EXERCISE DIRECTIONS: All the lines below need to be transcribed exactly. Pictures get left out.

DATASET SECTION:
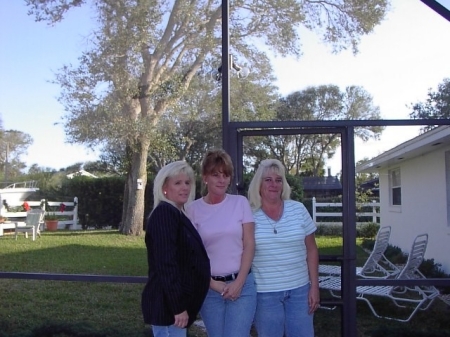 Judy, Joanie and Karen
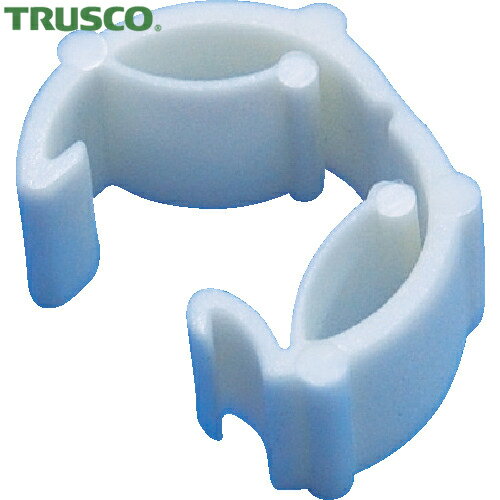 TRUSCO(トラスコ) ギュッとコンパクトケーブルクリップ 結束可能径2.0〜4.0mm (1袋) 品番：THKU-3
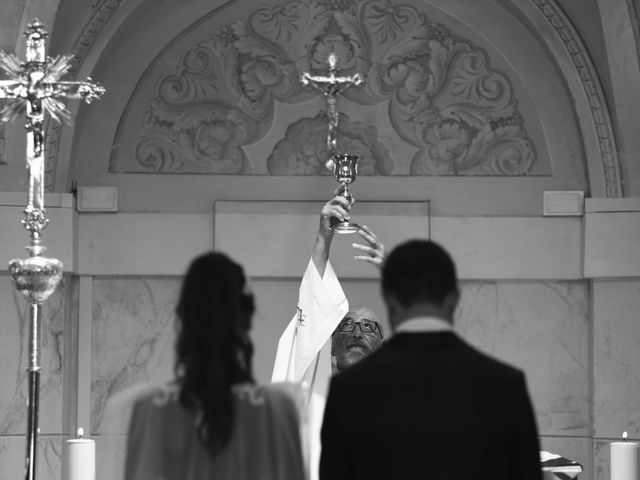 Il matrimonio di Ilaria e Michael a Monte San Pietrangeli, Fermo 64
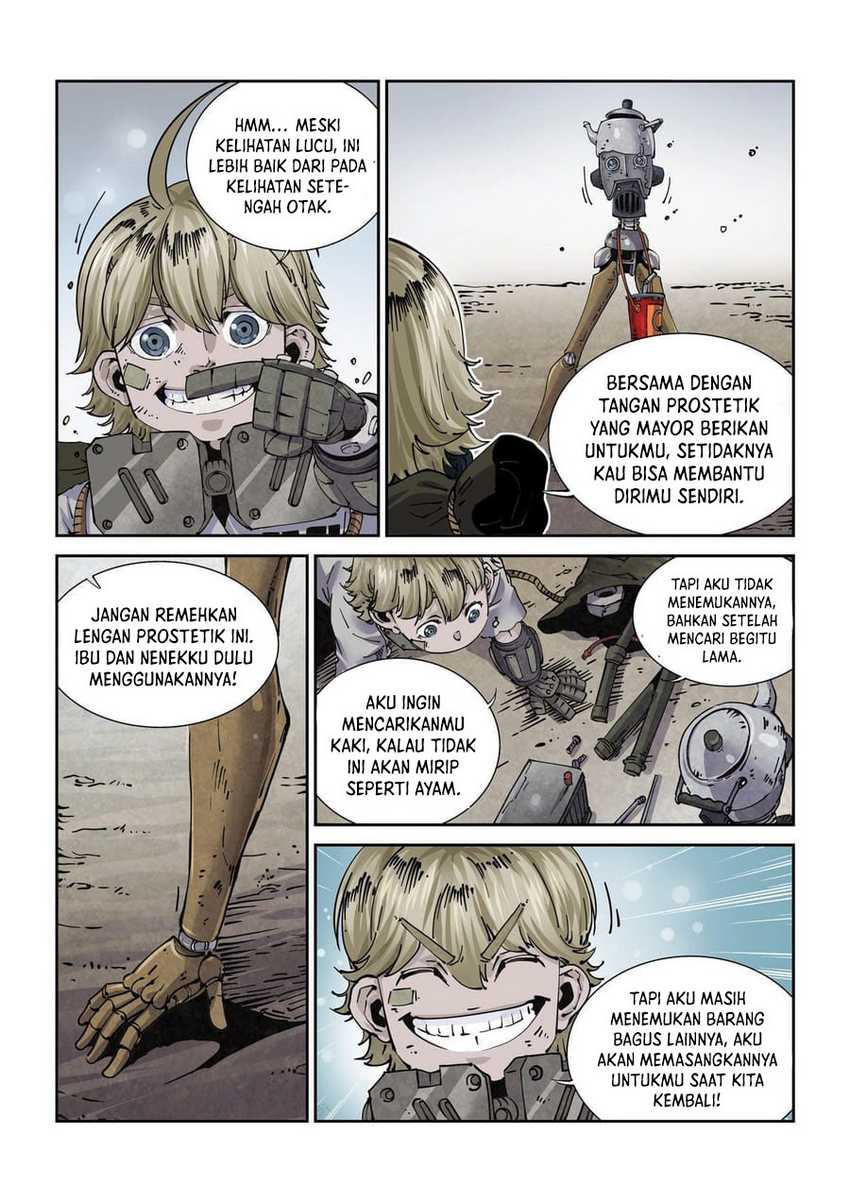 Legend of Cyber Heroes Chapter 3 Gambar 14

ANSWER TO THE EXERCISE:
 Judy, Joanie and Karen
 TRUSCO(トラスコ) ギュッとコンパクトケーブルクリップ 結束可能径2.0〜4.0mm (1袋) 品番：THKU-3
 Il matrimonio di Ilaria e Michael a Monte San Pietrangeli, Fermo 64
 Legend of Cyber Heroes Chapter 3 Gambar 14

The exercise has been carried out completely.